過去のテーマは90件以上。これまでの番組では「宝くじ1億円当せん者」「パパ活女子」「マッチングアプリにはまった人」「震災で家族が行方不明の人」など様々なゲストから”根掘り葉掘り”聞き出す赤裸々トークが展開されています。
今回の「NHK大学セミナー」では、まず「ねほりんぱほりん/ホストに貢ぐ女」の回を視聴しました。番組内では、ホストクラブに通う女性3人の心情や背景が語られました。興味深く見ごたえのある内容でした。
続いて、山口さんからテレビディレクターの仕事が紹介されました。テレビディレクターは番組の制作に直接携わる仕事であり、番組の企画~取材~提案~構成~撮影~編集~仕上げという一連の業務にすべて関わっていることが説明されました。

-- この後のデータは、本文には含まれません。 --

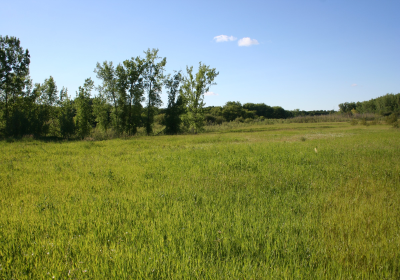 Prairie Grassland 01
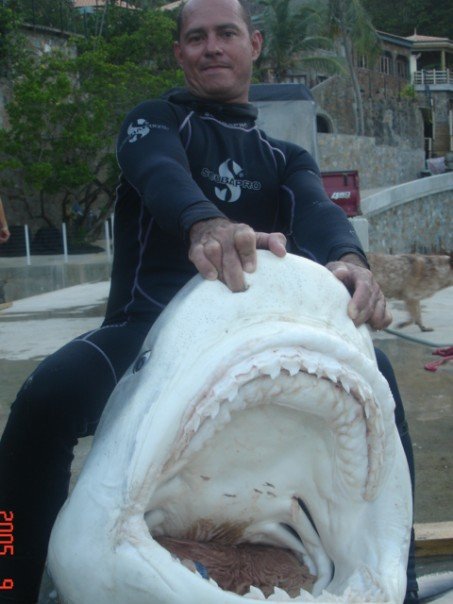 [TIGUER+SHARK+COUGHT+BY+BEE+KAY+IN+THE+GROUP+JEDDAH+DIVERS.jpg]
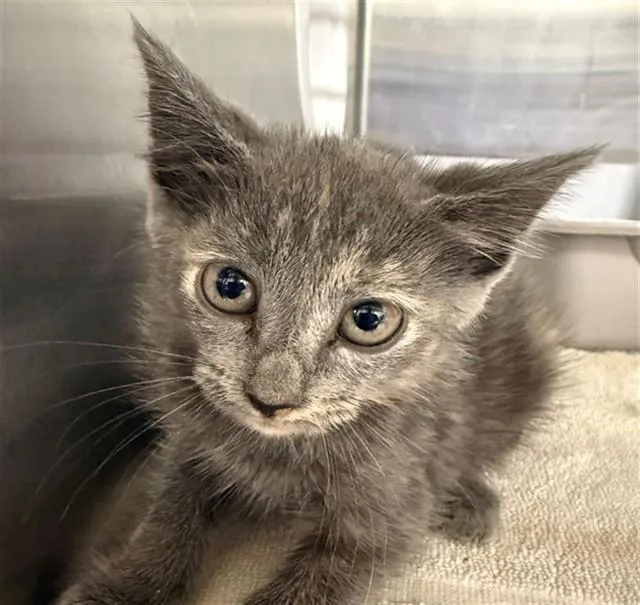 A baby small-sized female Domestic Short Hair cat named Ginger for adoption in Conroe, TX
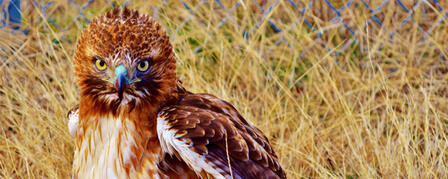 KANSAS WILDLIFE AND PARKS MAGAZINE ANNOUNCES “WILD ABOUT KANSAS” WINNERS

「番組を作るときは企画から仕上げまで、全ての段階が大変です」と語られた山口さんは、お仕事の中で喜びを感じるときについて「自分が作った番組に反響があった時は嬉しいですね。『ねほりんぱほりん』はSNSで話題になることが多いんですよ」と語られました。

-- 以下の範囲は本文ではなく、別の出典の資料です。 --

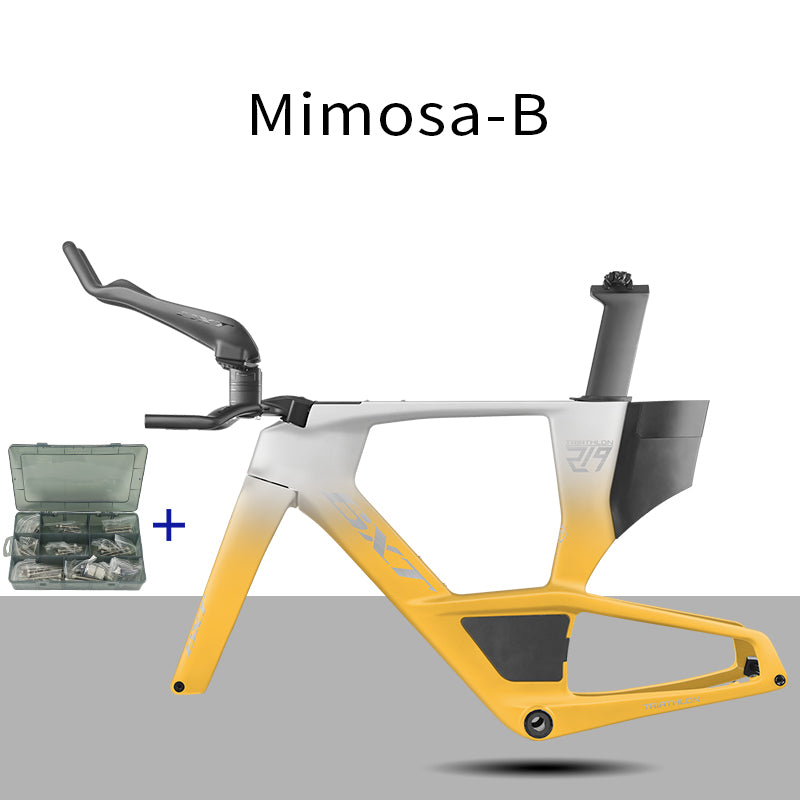 BXT 2026 Carbon T1000 BXT Disc Brake Carbon TT Bike Frame Time Trial Racing Bike Frameset with TT Handlebar Storage Case Triathlon Bicycle Frame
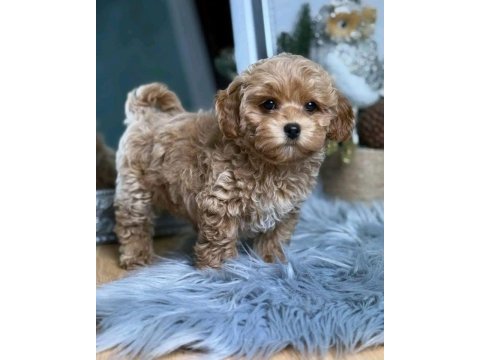 Tr nin en özel maltipoo yavruları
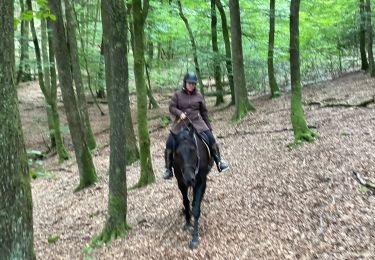 Trail Horseback riding Bastogne - Livarchamps - Surre (LU) 29 août 2021 - Photo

「ねほりんぱほりん」で扱うテーマの選択については「私自身が『知らない話が聞けそう』と思えるテーマを選んでいます。加えて社会的意義、つまり社会のためや見ている人のためになるテーマであることも必要です。『ホストに貢ぐ女』の回は、視聴者に『愛について考えてもらう』ことを意図しました。愛を求めホストに貢ぐ女性には、それぞれの背景や思いがあります。それを聞くことで視聴者に『愛って何だろう?』と考えてもらいたかったんです。そのためゲストには、できるだけ具体的なエピソードを語ってもらい、視聴者の納得感を高めるよう努めました。この納得感は視聴者に考えてもらうため、そして印象に残る番組作りのために重要なんです」と述べられました。
↑ 講演中の山口さん
そして、山口さんの経歴が紹介されました。大学を2004年に卒業した山口さんは、飲食業、雑誌編集部、放送作家、テレビ番組制作会社を経て、NHKに入社されたそうです。山口さんは「私がこれまでやってきた職業の共通点は『落ち込んだ人を笑顔にできる仕事』であることだと思います。私の過去の経験や前職で培ったものは今の仕事に生きており、すべてはつながっていると感じています」と述べられました。

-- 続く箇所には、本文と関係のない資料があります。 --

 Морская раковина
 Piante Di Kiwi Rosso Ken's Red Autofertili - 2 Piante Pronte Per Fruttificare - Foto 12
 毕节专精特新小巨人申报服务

さらに「私は最初の仕事の飲食業では、ある程度仕事を極めたと思えました。しかしテレビ番組制作は極めるのが難しいです。番組を作り終えた後には、必ず反省点が浮かんできます。私にとって番組制作は一生挑戦し続けられる仕事です。皆さんも、しっかり学び、経験を積むことで、そんな仕事に巡り合ってほしいです」と、受講者へのメッセージが贈られました。
山口さんのお話からは仕事に対する誇りや、他者を喜ばせたいという気概のようなものが感じられました。講演の中では、山口さんが大学時代に「地域福祉論」を専攻していたことが語られ「福祉の意味は人々を幸せにすることです。番組制作も他者を幸せにできる仕事であり、大きな意味では福祉だと考えています」という意味のことが述べられました。山口さんは「ねほりんぱほりん」をはじめとする番組を、そのような思いを持って制作されているのですね。
山口さんの講演は、テレビ業界の興味深い話としてだけでなく、学生諸君が今後、目標を設定したり、職業を選択したりする上で大変ためになるお話だったと思います。山口さん、素晴らしい講演をありがとうございました。